As mentioned, the two major unknowns in the price outlook for the first half of 1998 are the economic problems of Asia and the production effects of El Nino. If the production and trade estimates given in the tables are approximately on target, then international cheese prices will likely stay fairly flat, butter prices may move even higher due both to U.S. and EU domestic situations, while NDM prices fail to find the strength of butter and cheese.
Nonfat Dry Milk
The rising value of the dollar and sluggish world demand combined to depress NDM prices by some $250 to $300/ton since early 1997. End-of-December prices were $1,600-$1,700/ton (basis FOB EU ports). The outlook for early 1998 depends to a large extent on the impact of the economic problems that have affected most of the Pacific Rim Asian economies. If the general economic problems result in a severe downturn in demand for NDM, then supplies from Australia and New Zealand will need to find new markets during the months when shipments are normally high. Such a situation would probably have a strong negative influence on international prices.
The outlook for world butterfat points to a stable or rising market during the first half of 1998. As earlier indicated, in both the United States and the EU the domestic butter situation remains relatively tight and it is unlikely either will have significantly more to export before spring weather boosts milk supplies. Imports by Russia continue at a strong pace, and, if they have not over-bought, should continue until spring weather helps its milk production. If NDM prices weaken further, Australia and New Zealand will have additional incentive to put more milk into other products rather than producing butter and NDM. Quoted EU butter prices are currently in the $1,900-$2,000/ton (FOB basis) range. Prices for butteroil are being quoted at approximately $100 per ton above butter.

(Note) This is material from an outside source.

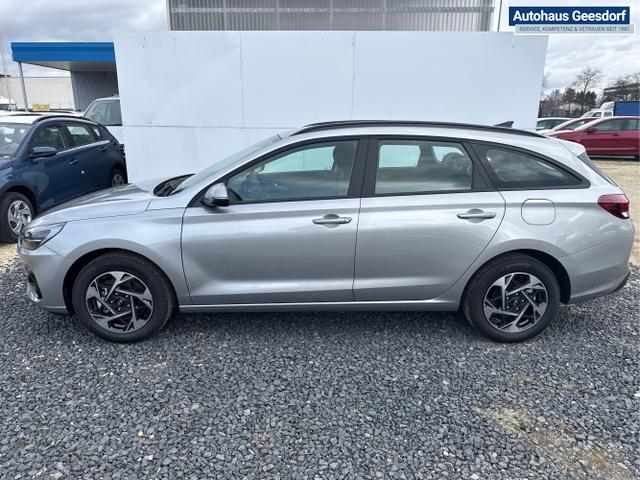 Hyundai / i30 / Silber / / / NAVI SHZ RFK PDC v+h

International prices for Cheddar cheese have been fairly stable largely as a result of steady import demand and a decline in subsidized supplies from the EU. Under Uruguay Round export subsidy disciplines, the EU is only permitted to subsidize the export of 384,400 tons of cheese in 1997/98 (Jul/Jun) - down 21,000 tons from 1996/97. Current international prices are in the $2,300/ton to $2,500/ton (FOB basis) range. Cheese from Oceania usually makes up the lower end of the price spectrum while EU export prices make up the top end. Australia and New Zealand have maintained relatively low prices, despite the reduction in EU competition in order to move cheese rather than producing butter and NDM. For the first half of 1998, it seems likely that irrespective of EU price levels, Oceania will continue to maintain cheese prices at competitive levels in an effort to maintain growth in exports.
Whole Milk Powder:
Like NDM, the Pacific Rim Asian market Pacific Rim represents a significant part of the total market and is the major market for Australia and New Zealand. Thus, a sharp reduction in WMP imports in the middle of the Oceania shipping season could have major downward implications for international prices. If the fall in demand is in a more normal range, then WMP prices should probably remain relatively stable during the next 6 months. That is, the tendency for WMP to move lower if NDM falls should be offset by a tendency to move higher if butter prices stay strong as expected. Currently WMP prices are in the $1,800 to $2,200 (basis FOB EU ports) range.